Bir at, bir otomobil kadar güvenilir değildir. Bir atın bir tür kişiliği vardır: Bir gün canı istemez ve başka bir gün senin gitmesini istediğin yoldan gitmek istemez, diğer gün son derece asidir. Ve bir gün orada öylece durup hareket etmeyecektir. Onun bir canı vardır; ona her zaman güvenemezsin. Ancak bir arabanın canı yoktur. O sadece bir araya getirilmiştir; merkez yoktur. O basitçe senin onun gitmesini istediğin yerden gider.
Uçurumdan aşağı gitmesini de istesen gidecektir. At, “Bekle! Eğer intihar etmek istersen bunu yapabilirsin ama ben istemiyorum. Sen atlayabilirsin. Ben atlamıyorum” diyecektir. Ancak araba hayır demeyecektir, onun hayır diyecek bir ruhu yoktur. O asla evet demez, o asla hayır demez.
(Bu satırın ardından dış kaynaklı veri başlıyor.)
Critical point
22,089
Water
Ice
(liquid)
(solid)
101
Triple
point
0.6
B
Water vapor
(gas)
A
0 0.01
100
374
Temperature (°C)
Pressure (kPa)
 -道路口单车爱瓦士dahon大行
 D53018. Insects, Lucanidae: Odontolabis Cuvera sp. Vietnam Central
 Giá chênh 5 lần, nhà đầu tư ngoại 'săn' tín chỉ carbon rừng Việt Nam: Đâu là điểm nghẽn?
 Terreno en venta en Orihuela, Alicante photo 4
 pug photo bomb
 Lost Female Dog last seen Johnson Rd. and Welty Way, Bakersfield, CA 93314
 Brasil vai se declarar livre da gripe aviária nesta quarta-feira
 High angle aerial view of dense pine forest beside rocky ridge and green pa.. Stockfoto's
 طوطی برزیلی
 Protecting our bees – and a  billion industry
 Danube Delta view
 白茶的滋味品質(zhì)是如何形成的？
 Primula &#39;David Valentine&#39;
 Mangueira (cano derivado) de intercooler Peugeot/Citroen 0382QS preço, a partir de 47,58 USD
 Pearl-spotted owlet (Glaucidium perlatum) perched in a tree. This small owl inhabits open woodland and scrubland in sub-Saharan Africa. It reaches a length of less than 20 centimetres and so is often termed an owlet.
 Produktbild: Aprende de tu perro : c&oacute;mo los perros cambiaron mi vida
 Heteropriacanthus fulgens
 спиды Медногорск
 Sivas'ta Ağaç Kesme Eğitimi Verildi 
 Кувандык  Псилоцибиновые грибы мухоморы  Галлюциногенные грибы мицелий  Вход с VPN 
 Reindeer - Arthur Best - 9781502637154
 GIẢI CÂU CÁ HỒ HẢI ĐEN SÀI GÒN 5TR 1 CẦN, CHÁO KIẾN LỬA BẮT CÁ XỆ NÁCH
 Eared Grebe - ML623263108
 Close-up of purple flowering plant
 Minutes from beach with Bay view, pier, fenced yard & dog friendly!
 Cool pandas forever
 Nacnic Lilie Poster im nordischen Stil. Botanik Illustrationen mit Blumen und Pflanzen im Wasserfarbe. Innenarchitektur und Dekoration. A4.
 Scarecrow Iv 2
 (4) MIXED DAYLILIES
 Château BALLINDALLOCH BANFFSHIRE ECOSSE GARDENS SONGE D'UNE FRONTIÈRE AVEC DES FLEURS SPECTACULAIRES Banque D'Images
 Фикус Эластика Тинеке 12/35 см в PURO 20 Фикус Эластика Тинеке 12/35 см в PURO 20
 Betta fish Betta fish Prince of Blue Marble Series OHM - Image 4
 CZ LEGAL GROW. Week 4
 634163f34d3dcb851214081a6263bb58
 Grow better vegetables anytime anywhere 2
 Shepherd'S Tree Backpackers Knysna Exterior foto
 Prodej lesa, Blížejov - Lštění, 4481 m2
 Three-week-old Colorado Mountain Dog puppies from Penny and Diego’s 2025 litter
Bazen çok büyük bir matematikçinin zihni bile çalışmaz. Ancak bilgisayar gece gündüz, yıllar boyunca yirmi dört saat çalışmaya devam eder; çalışmaması söz konusu değildir. Bir makinenin karakteri, son derece güvenilir bir karakteri vardır. Ve bizim yapmaya çalıştığımız şey budur. Önce biz insanı bir makine yapmaya çalıştık; bunda yüzde yüz başarılı olamadık ve bunun üzerine de insanların yerini almaları için makineleri icat etmeye başladık. Er ya da geç onlar her yerde insanların yerini alacaktır. Makineler çok daha iyi yapacaktır, çok daha verimli, hızlı, güvenilir şekilde yapacaktır.

Bir insanın ruh halleri vardır çünkü insanın bir ruhu vardır. İnsanın ruhu olduğu için eğer karaktersiz kalırsa o sadece kendine özgü olabilir. “Karaktersiz” derken ne demek istiyorum? İnsanın geçmişini sürekli olarak bırakmaya devam etmesini kastediyorum. O, bu geçmişe göre yaşayamaz; bu yüzden o öngörülemezdir. O anbean yaşar, o anda yaşar. O etrafa bakar ve yaşar, etrafında ne olduğunu görür ve onu yaşar, etrafında olanı hisseder ve onu yaşar. Onun nasıl yaşanacağına ilişkin sabit bir fikri yoktur; onun sadece farkındalığı vardır. Onun hayatı sürekli bir akış olarak kalır. Onun kendiliğindenliği vardır; gerçek bir insanın karakterinin olmadığını söylerken demek istediğim budur. Onun kendiliğindenliği vardır.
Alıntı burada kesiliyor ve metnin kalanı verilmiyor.